Com toda a discussão sobre mudança climática, por que há tanta dificuldade de adaptação?
O motivo é que a adaptação está intimamente ligada com a vida, o uso dos recursos, a infraestrutura local de cada país. Ainda que se possa pensar em ações e tecnologias para serem aplicadas em qualquer lugar, medidas de adaptação são por definição locais. Além disso, há uma diferença fundamental entre países desenvolvidos e em desenvolvimento. Os primeiros já há várias décadas criaram mecanismos para adaptar as atividades econômicas aos desastres naturais do presente. Já a maioria dos países em desenvolvimento ainda é muito mal equipada para conviver com a variabilidade climática existente hoje. E imagine que, em cima dessa variabilidade, vamos ter as mudanças climáticas com mais extremos.
É o que vemos, por exemplo, em São Paulo, que até hoje não encontrou uma solução para as frequentes inundações no verão?

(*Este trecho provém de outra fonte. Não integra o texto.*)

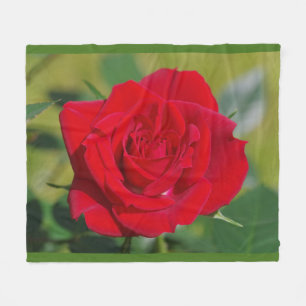Red Rose Beauty Fleece Blanket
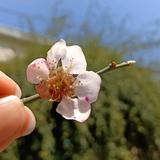 微梵时光头像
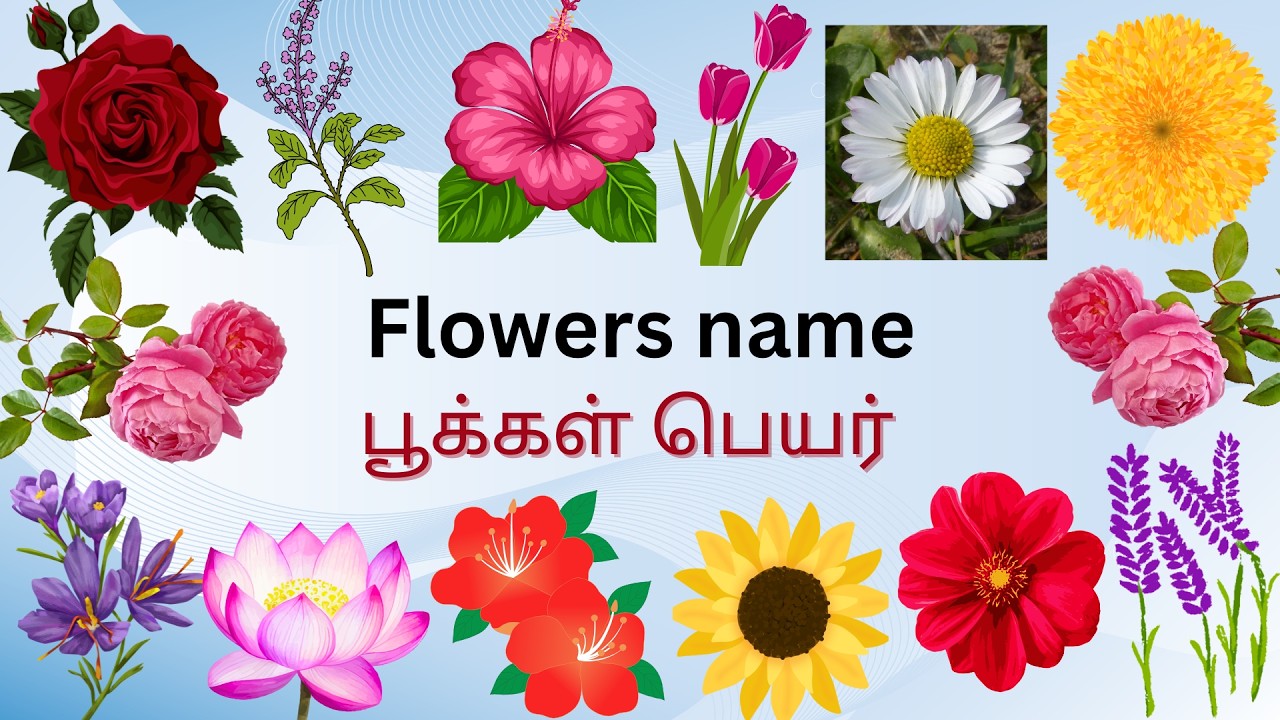 Названия цветов на тамильском и английском языках | Обучающее видео для детей 🌸 | Тамильский и ан...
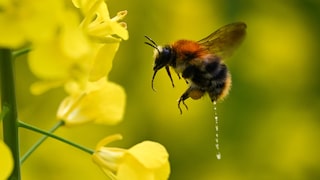 Eine Hummel scheidet in einem Rapsfeld beim Anflug auf eine Rapsblüte eine Flüssigkeit aus. In der Wetterau nördlich von Frankfurt ist die Rapsblüte in vollem Gang.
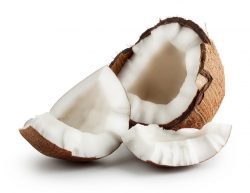 coconut-2675546_1280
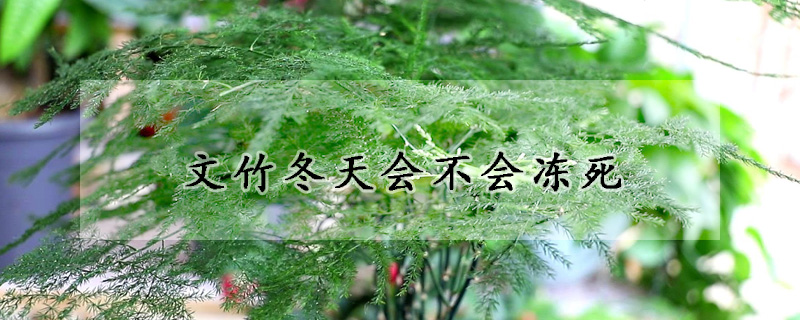 文竹冬天會不會凍死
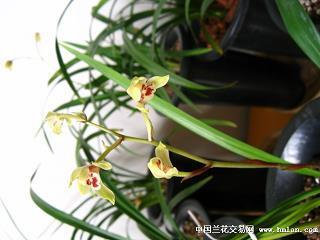 家家户户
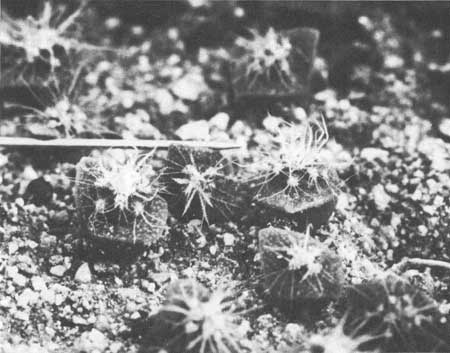 saguaro seedling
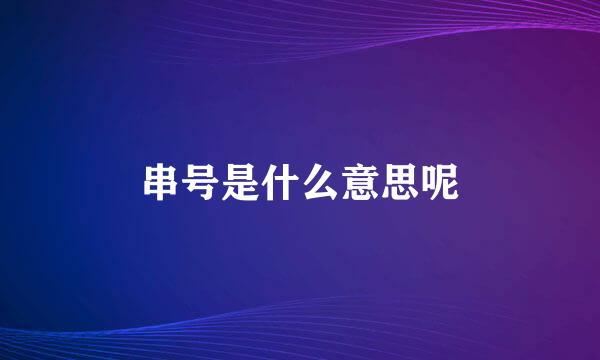串号是什么意思呢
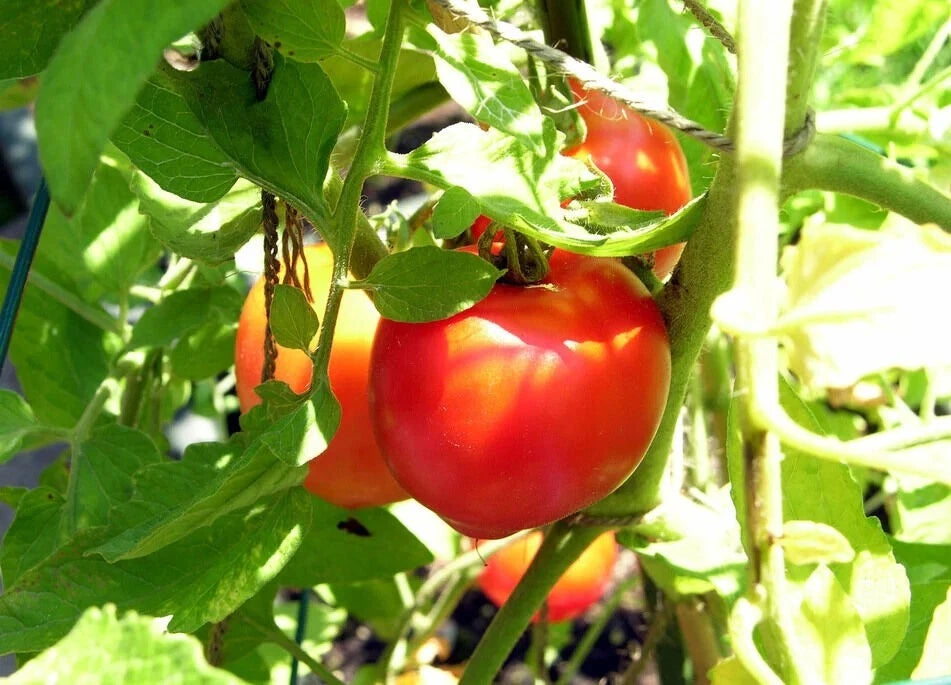 Creole Tomato Seeds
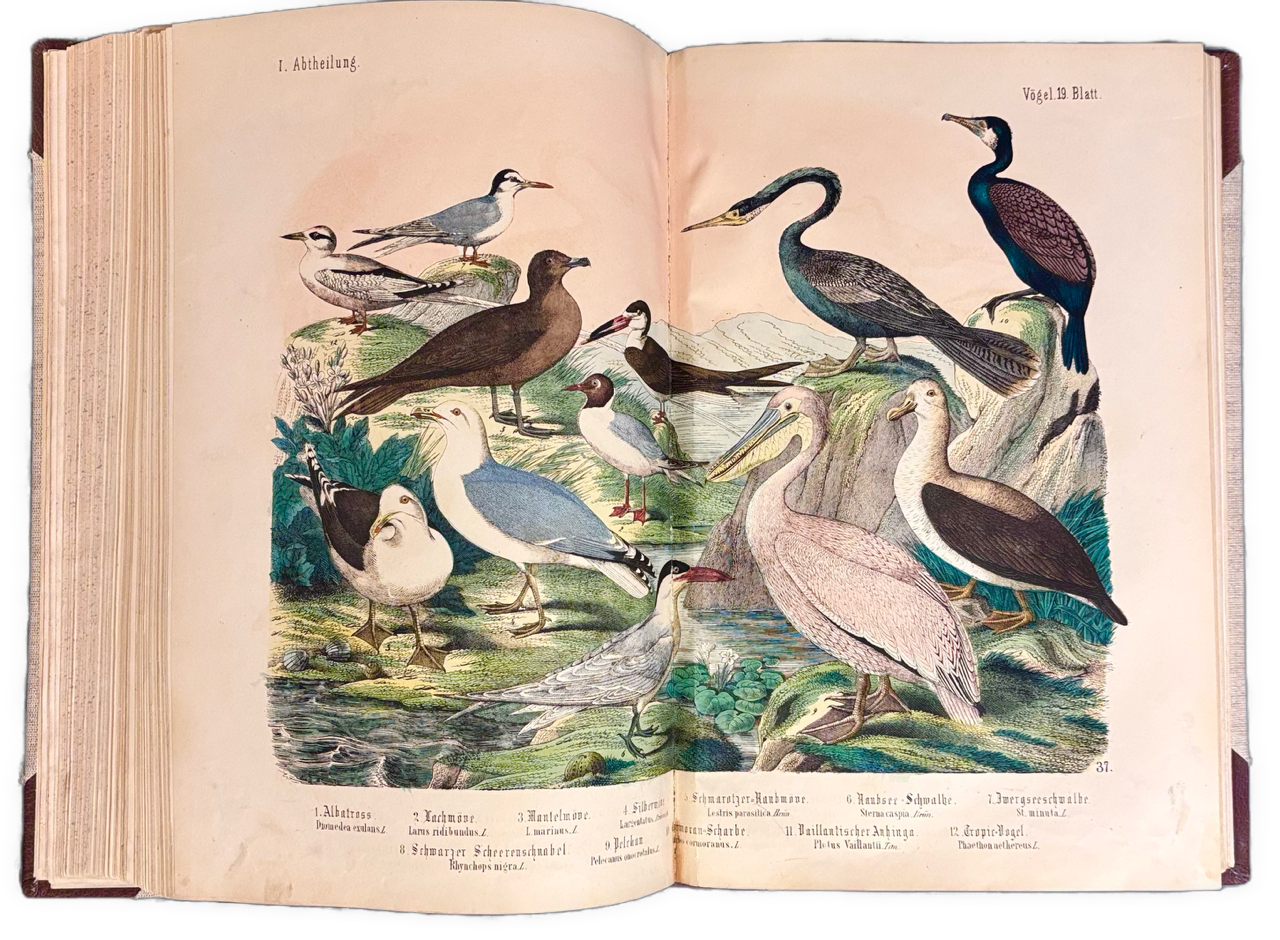Naturgeschichte des Thierreichs - EA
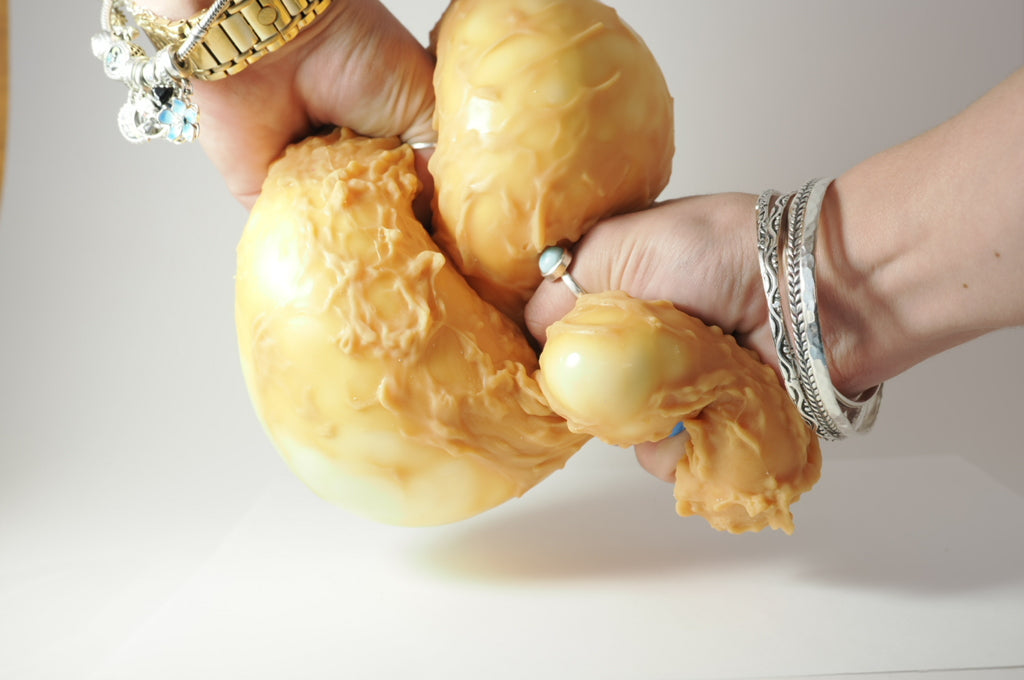 Fried Chicken Marshmallow Squish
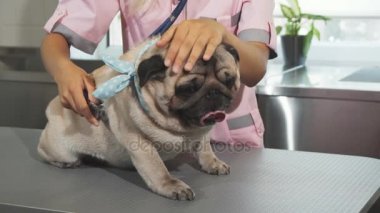 Hemşire pug köpek nefes kontrol ediyor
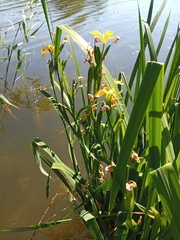 Iris pseudacorus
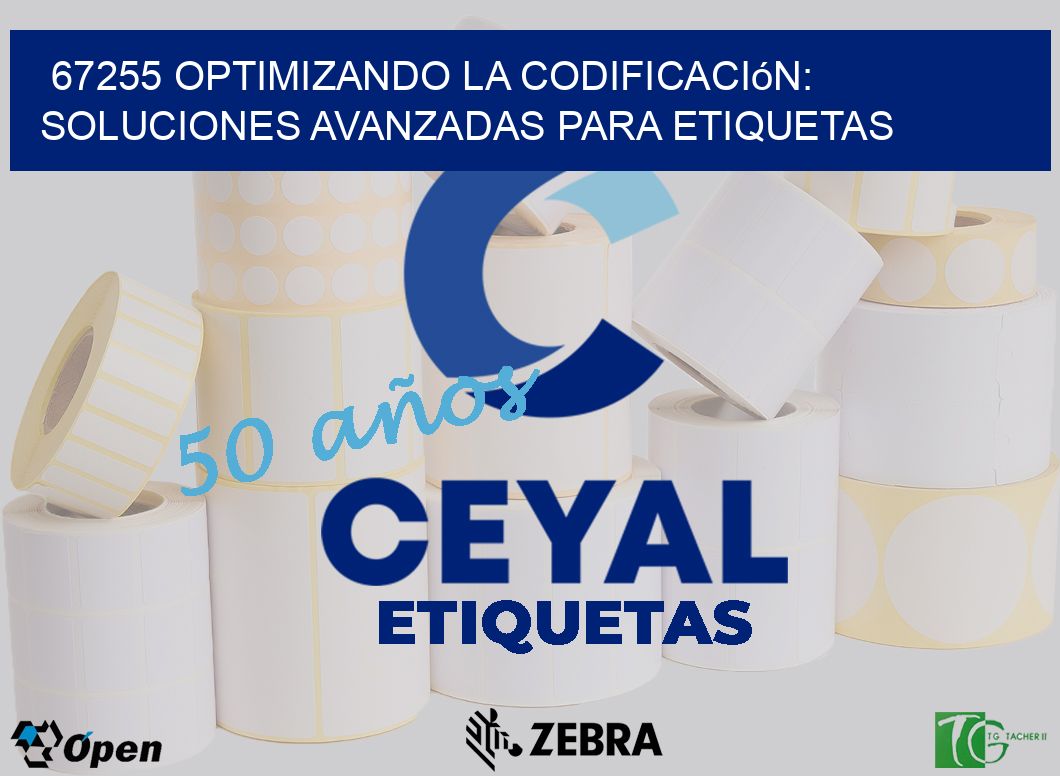 67255 Optimizando la Codificación: Soluciones Avanzadas para Etiquetas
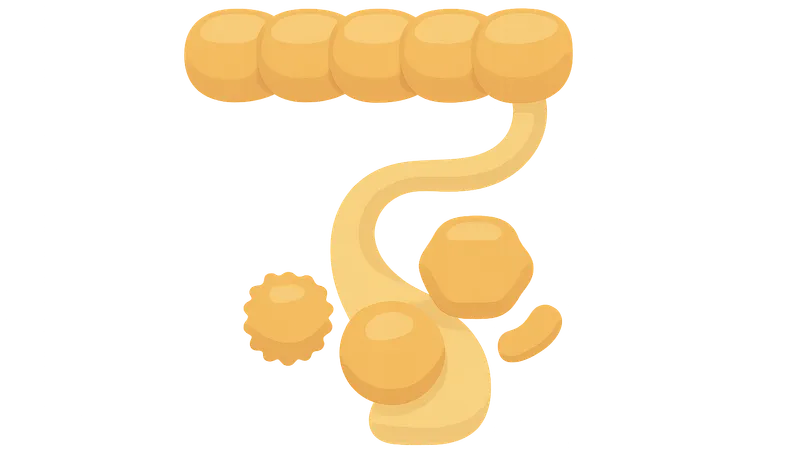 Post-translational modifications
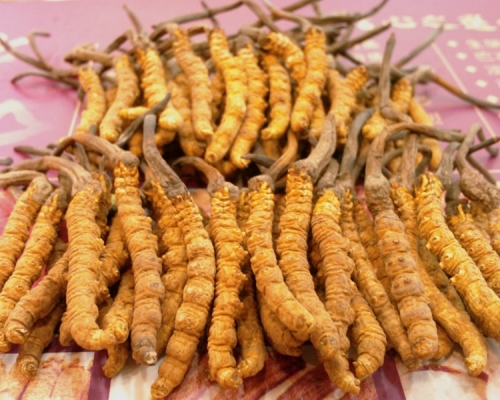 中科院上海植物生理生態研究所研究團隊經過7年的研究，證實冬蟲夏草不含具抗癌功效的「噴司他丁」。網圖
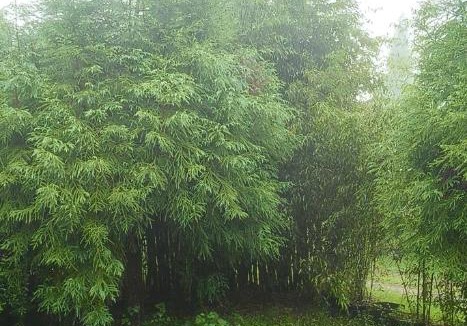 Shillong Ski Chalet | Rimaaia farm house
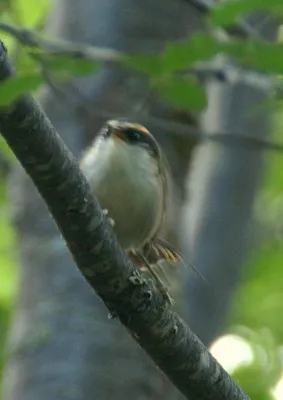 File:Aphrastura spinicauda, Chile 2.jpg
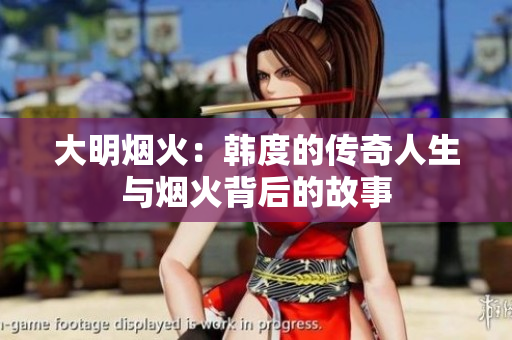 大明烟火：韩度的传奇人生与烟火背后的故事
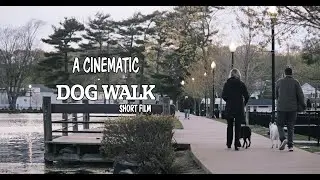 A Cinematic Dog Walk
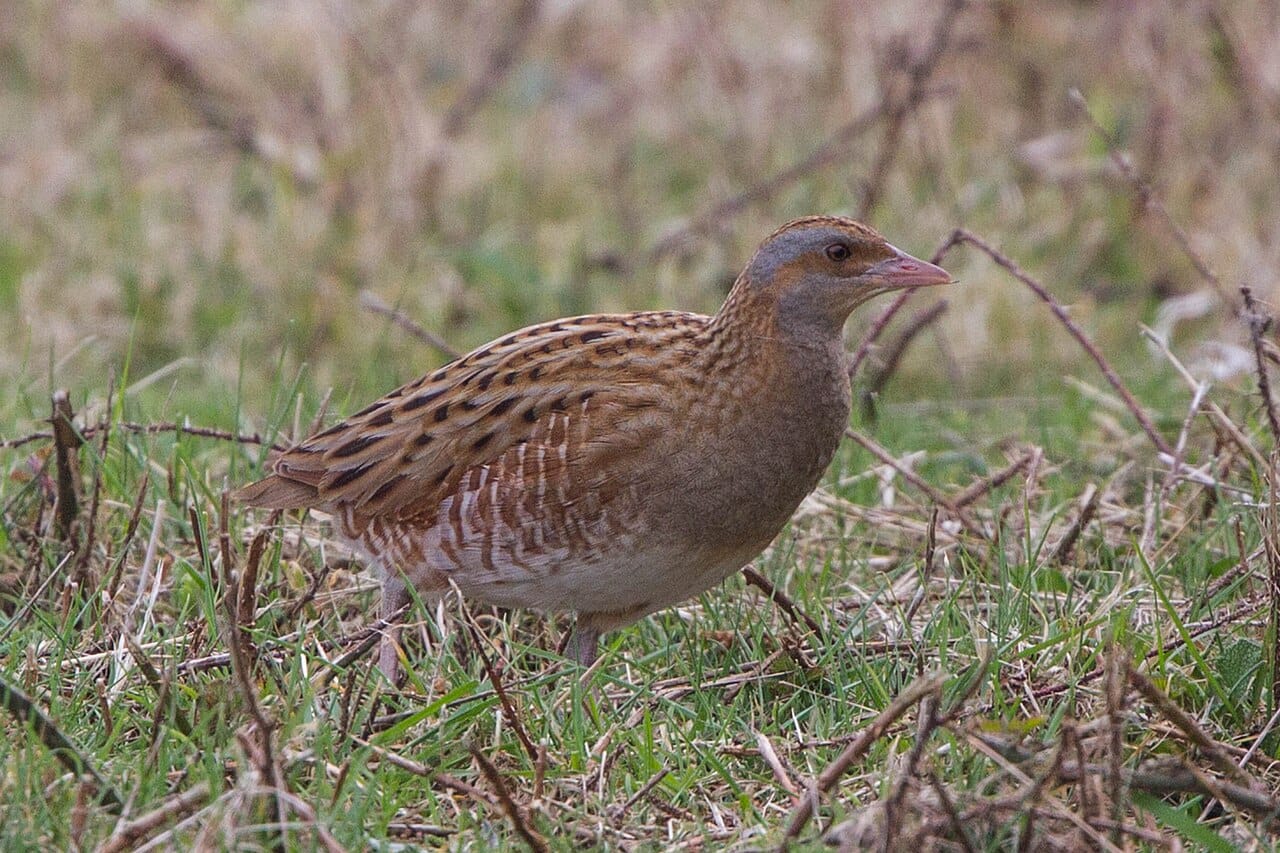 Kornknarr (Crex crex) — foto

A verdade é que conviver com os extremos nunca foi uma agenda que de fato obteve prioridade. Temos o exemplo clássico da convivência com a seca no Nordeste. Adaptar a infraestrutura urbana de uma grande cidade para as mudanças climáticas passa necessariamente por resolver grandes questões que vão muito além das mudanças climáticas. Que é a forma como a cidade se desenvolveu, a política de transporte público versus o automóvel, por exemplo. Falar em adaptar a mobilidade de São Paulo para as chuvas mais intensas… Bom, isso não é aquecimento global, é um problema da urbanização de São Paulo. Para lidar com o aumento das chuvas é preciso mudar completamente a política de mobilidade urbana para incentivar o transporte público. É uma ladainha que todo mundo sabe e repete. Isso não é só para se adaptar às mudanças climáticas. É uma questão de sobrevivência, eficiência e qualidade de vida. Se a cidade já fosse mais funcional no aspecto de mobilidade urbana, seria muito mais fácil se adaptar ao aumento da temperatura e da intensidade das chuvas e de inundações.
Ainda dá tempo de agir?
É uma frase que já virou chavão, mas um grande grau de mudanças climáticas já se tornou inevitável. Não há o que fazer. É uma constatação que a ciência coloca com muita propriedade e robustez. Algumas coisas não teremos como reverter. Já vamos conviver no futuro com pelo menos mais 2°C de temperatura, isso se houver muito trabalho para estabilizar as emissões de gases. Mais 2°C no Brasil, com mais eventos extremos climáticos, mais episódios de secas e chuvas intensas prolongadas no Nordeste e no Sudeste, significam que toda a economia do País precisa ser adaptada, toda a geração de energia.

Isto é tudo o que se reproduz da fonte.